The entries below contain a line with "Серьги из сплава" and a line with "UpwardBaby ergonomic-handle spoon". Quote exactly those two lines and all lines between them.

Information shown>

##########

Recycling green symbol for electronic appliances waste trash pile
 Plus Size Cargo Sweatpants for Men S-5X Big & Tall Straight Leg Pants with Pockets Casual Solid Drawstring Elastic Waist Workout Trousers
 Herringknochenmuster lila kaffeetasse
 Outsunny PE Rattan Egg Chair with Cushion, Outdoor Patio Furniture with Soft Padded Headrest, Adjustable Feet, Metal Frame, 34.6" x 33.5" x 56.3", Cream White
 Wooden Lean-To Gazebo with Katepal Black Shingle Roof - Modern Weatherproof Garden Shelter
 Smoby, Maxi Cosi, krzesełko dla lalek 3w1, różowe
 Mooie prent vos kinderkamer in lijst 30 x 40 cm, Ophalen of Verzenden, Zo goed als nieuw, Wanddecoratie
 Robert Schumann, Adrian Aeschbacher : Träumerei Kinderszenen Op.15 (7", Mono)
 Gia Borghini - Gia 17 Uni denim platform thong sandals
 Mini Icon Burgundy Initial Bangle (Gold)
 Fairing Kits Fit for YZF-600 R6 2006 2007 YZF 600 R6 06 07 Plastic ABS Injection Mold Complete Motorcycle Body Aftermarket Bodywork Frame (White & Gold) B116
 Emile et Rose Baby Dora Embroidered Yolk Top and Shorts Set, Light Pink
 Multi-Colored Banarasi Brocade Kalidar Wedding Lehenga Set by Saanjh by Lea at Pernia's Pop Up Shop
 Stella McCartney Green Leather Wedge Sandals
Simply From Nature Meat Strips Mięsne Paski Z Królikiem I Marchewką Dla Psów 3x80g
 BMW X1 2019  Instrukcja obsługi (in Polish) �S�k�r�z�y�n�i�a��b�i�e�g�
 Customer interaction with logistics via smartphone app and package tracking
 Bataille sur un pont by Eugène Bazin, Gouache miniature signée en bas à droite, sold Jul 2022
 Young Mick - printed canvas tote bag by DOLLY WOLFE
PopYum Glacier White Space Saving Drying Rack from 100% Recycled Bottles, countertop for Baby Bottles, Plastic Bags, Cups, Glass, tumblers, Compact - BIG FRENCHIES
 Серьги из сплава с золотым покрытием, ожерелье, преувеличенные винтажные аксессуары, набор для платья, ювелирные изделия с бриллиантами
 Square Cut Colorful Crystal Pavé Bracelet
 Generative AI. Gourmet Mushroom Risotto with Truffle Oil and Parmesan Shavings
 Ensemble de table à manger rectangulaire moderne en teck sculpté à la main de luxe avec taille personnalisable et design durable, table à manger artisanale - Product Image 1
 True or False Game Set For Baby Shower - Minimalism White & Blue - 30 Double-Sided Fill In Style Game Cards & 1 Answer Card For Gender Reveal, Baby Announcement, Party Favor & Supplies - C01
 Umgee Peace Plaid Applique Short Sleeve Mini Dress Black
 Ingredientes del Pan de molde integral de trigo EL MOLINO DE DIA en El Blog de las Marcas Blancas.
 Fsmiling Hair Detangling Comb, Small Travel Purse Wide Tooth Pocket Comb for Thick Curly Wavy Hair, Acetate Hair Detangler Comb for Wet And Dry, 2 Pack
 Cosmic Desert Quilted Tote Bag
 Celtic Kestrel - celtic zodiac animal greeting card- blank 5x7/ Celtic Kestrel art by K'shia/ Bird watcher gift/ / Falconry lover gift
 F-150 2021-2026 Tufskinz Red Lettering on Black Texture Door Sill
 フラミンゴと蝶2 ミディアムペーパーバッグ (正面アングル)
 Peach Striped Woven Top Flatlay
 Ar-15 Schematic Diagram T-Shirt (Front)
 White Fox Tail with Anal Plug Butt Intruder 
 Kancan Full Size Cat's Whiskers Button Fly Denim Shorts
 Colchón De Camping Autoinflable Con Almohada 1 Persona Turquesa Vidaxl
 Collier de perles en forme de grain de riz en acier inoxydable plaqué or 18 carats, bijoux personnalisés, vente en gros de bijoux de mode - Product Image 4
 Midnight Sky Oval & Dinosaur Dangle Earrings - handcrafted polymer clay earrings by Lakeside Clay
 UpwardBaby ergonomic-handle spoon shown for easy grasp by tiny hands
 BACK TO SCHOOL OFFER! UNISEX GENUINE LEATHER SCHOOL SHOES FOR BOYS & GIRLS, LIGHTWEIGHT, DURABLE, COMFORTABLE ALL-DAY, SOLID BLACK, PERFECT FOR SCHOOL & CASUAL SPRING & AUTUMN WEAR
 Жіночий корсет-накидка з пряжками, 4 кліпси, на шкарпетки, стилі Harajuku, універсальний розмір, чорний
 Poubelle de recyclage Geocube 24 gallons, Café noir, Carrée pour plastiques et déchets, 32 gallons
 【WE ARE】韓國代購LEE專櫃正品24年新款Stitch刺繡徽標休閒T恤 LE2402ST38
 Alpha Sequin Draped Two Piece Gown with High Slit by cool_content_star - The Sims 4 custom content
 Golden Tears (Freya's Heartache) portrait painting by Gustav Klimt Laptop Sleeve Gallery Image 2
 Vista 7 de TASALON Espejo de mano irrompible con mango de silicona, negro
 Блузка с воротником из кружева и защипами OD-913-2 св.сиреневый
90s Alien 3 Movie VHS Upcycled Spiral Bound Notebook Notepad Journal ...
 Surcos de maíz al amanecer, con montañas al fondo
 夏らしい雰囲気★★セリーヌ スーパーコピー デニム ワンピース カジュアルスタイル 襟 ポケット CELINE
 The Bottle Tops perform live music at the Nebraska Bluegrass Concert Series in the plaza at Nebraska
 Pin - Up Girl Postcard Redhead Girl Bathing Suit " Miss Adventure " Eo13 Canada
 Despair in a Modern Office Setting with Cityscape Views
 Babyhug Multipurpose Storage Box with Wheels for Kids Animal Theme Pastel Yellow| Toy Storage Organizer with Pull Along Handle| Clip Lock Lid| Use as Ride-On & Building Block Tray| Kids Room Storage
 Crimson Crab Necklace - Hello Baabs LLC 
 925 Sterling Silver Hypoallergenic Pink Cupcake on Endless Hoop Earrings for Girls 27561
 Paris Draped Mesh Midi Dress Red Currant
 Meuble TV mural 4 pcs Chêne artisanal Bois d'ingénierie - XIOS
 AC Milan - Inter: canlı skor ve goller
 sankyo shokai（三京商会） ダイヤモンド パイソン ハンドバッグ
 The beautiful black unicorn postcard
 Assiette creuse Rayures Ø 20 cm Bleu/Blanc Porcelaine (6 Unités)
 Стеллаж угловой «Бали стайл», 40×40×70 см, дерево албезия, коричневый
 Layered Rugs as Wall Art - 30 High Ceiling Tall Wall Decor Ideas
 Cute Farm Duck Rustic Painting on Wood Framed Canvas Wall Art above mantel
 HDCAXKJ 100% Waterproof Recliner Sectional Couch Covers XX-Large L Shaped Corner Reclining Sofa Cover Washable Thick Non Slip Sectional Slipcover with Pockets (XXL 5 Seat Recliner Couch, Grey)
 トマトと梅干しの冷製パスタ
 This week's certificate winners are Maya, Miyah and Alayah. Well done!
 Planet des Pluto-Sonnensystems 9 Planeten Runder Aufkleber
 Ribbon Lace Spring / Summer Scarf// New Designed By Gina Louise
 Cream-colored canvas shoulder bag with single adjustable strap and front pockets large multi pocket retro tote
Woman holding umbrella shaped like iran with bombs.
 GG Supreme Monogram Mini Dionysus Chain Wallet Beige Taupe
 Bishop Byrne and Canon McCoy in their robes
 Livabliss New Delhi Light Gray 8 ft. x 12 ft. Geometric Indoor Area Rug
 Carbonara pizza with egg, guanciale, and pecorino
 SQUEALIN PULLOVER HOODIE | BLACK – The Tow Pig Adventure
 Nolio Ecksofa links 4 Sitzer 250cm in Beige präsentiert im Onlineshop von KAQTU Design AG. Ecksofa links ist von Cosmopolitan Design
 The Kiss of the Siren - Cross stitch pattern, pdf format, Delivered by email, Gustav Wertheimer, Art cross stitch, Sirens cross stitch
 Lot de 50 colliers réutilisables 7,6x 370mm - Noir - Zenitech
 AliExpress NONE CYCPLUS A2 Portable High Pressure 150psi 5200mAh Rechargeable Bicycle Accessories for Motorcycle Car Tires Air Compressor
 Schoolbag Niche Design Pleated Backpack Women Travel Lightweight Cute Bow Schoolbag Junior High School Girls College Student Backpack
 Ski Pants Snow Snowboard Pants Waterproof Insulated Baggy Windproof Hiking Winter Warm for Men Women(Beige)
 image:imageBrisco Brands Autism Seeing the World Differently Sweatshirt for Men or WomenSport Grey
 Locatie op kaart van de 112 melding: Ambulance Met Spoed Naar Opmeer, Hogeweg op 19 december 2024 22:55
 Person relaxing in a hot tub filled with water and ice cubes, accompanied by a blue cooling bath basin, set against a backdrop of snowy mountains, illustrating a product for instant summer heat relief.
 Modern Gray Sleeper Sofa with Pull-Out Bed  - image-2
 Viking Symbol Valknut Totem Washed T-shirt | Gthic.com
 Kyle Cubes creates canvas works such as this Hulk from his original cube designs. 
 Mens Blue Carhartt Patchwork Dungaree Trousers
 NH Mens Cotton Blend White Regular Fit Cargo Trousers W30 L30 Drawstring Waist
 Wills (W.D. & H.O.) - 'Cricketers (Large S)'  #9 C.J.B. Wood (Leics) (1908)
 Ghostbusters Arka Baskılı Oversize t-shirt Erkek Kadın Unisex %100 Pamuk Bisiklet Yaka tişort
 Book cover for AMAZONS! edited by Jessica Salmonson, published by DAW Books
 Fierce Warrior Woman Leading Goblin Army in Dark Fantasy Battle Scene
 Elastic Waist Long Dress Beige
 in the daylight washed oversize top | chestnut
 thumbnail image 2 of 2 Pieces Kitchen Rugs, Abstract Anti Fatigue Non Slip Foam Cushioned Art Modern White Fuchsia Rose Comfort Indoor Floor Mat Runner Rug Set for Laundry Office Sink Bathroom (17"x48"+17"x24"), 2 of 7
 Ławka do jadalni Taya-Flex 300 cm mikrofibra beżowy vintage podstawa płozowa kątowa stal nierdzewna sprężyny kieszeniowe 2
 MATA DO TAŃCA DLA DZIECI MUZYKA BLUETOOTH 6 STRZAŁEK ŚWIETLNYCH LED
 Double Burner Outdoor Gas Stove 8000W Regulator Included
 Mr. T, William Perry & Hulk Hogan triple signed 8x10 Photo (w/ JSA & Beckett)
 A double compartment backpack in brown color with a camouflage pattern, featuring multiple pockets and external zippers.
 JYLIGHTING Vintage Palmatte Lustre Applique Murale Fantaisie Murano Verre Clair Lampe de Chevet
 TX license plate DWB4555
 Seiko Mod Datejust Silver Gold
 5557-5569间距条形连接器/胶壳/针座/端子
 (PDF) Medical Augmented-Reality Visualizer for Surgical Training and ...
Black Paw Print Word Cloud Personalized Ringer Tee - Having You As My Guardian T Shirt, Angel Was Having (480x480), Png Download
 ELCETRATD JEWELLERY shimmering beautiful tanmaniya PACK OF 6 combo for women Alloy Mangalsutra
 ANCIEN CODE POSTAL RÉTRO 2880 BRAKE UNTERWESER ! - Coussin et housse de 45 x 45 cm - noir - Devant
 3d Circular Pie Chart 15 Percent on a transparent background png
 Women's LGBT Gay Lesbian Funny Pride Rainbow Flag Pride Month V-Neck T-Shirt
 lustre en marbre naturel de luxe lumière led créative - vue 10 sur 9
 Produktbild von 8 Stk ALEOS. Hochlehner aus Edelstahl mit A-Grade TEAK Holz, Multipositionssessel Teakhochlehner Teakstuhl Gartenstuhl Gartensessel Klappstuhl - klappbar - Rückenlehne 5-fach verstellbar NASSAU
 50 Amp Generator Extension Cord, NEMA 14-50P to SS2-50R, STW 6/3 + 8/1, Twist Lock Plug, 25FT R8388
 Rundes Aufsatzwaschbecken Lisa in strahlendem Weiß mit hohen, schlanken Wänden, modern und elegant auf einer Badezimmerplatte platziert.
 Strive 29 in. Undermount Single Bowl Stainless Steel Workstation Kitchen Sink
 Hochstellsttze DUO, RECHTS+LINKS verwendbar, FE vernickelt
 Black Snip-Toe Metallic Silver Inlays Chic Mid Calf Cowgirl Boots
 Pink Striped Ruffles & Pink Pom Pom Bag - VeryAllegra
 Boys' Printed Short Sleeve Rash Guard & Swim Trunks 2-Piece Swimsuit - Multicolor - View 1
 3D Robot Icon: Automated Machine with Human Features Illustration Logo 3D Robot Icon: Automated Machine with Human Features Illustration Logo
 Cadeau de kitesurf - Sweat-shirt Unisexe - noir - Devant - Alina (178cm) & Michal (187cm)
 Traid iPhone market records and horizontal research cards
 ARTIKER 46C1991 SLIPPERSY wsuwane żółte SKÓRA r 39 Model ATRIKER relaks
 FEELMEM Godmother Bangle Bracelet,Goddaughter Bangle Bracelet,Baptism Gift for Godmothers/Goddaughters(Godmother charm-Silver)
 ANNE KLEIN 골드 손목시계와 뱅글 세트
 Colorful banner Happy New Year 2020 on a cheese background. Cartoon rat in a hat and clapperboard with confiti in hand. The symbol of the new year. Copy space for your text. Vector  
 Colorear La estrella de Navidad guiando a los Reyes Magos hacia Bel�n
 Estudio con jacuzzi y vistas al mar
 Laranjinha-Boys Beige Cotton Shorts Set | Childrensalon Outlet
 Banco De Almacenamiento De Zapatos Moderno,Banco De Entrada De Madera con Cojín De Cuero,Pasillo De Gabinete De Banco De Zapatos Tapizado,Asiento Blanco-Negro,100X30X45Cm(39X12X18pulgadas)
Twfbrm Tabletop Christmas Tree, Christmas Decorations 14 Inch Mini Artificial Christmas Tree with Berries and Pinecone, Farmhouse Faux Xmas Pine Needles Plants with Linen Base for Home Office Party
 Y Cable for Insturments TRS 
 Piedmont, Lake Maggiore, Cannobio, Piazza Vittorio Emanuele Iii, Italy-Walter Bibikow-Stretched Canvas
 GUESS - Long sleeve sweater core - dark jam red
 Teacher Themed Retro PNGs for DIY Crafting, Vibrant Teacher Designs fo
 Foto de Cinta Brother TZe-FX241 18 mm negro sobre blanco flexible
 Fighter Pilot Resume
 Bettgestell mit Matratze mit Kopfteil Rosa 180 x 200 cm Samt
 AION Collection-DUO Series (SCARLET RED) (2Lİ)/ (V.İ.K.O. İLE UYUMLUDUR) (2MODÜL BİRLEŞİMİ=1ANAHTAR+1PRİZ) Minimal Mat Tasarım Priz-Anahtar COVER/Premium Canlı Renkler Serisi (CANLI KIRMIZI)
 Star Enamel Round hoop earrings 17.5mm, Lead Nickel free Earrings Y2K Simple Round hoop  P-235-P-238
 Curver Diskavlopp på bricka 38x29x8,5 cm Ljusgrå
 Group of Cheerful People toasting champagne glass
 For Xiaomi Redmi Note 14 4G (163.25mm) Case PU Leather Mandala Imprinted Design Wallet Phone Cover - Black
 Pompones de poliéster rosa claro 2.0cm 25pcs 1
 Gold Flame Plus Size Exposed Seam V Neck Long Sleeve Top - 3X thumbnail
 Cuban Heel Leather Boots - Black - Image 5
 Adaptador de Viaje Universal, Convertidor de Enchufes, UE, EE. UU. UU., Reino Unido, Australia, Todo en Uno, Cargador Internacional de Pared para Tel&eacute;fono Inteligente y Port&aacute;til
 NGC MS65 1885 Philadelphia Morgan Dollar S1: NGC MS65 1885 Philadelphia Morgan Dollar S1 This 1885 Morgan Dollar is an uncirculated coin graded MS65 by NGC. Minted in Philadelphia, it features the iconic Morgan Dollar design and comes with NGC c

##########

Reply to the exercise>
 Серьги из сплава с золотым покрытием, ожерелье, преувеличенные винтажные аксессуары, набор для платья, ювелирные изделия с бриллиантами
 Square Cut Colorful Crystal Pavé Bracelet
 Generative AI. Gourmet Mushroom Risotto with Truffle Oil and Parmesan Shavings
 Ensemble de table à manger rectangulaire moderne en teck sculpté à la main de luxe avec taille personnalisable et design durable, table à manger artisanale - Product Image 1
 True or False Game Set For Baby Shower - Minimalism White & Blue - 30 Double-Sided Fill In Style Game Cards & 1 Answer Card For Gender Reveal, Baby Announcement, Party Favor & Supplies - C01
 Umgee Peace Plaid Applique Short Sleeve Mini Dress Black
 Ingredientes del Pan de molde integral de trigo EL MOLINO DE DIA en El Blog de las Marcas Blancas.
 Fsmiling Hair Detangling Comb, Small Travel Purse Wide Tooth Pocket Comb for Thick Curly Wavy Hair, Acetate Hair Detangler Comb for Wet And Dry, 2 Pack
 Cosmic Desert Quilted Tote Bag
 Celtic Kestrel - celtic zodiac animal greeting card- blank 5x7/ Celtic Kestrel art by K'shia/ Bird watcher gift/ / Falconry lover gift
 F-150 2021-2026 Tufskinz Red Lettering on Black Texture Door Sill
 フラミンゴと蝶2 ミディアムペーパーバッグ (正面アングル)
 Peach Striped Woven Top Flatlay
 Ar-15 Schematic Diagram T-Shirt (Front)
 White Fox Tail with Anal Plug Butt Intruder 
 Kancan Full Size Cat's Whiskers Button Fly Denim Shorts
 Colchón De Camping Autoinflable Con Almohada 1 Persona Turquesa Vidaxl
 Collier de perles en forme de grain de riz en acier inoxydable plaqué or 18 carats, bijoux personnalisés, vente en gros de bijoux de mode - Product Image 4
 Midnight Sky Oval & Dinosaur Dangle Earrings - handcrafted polymer clay earrings by Lakeside Clay
 UpwardBaby ergonomic-handle spoon shown for easy grasp by tiny hands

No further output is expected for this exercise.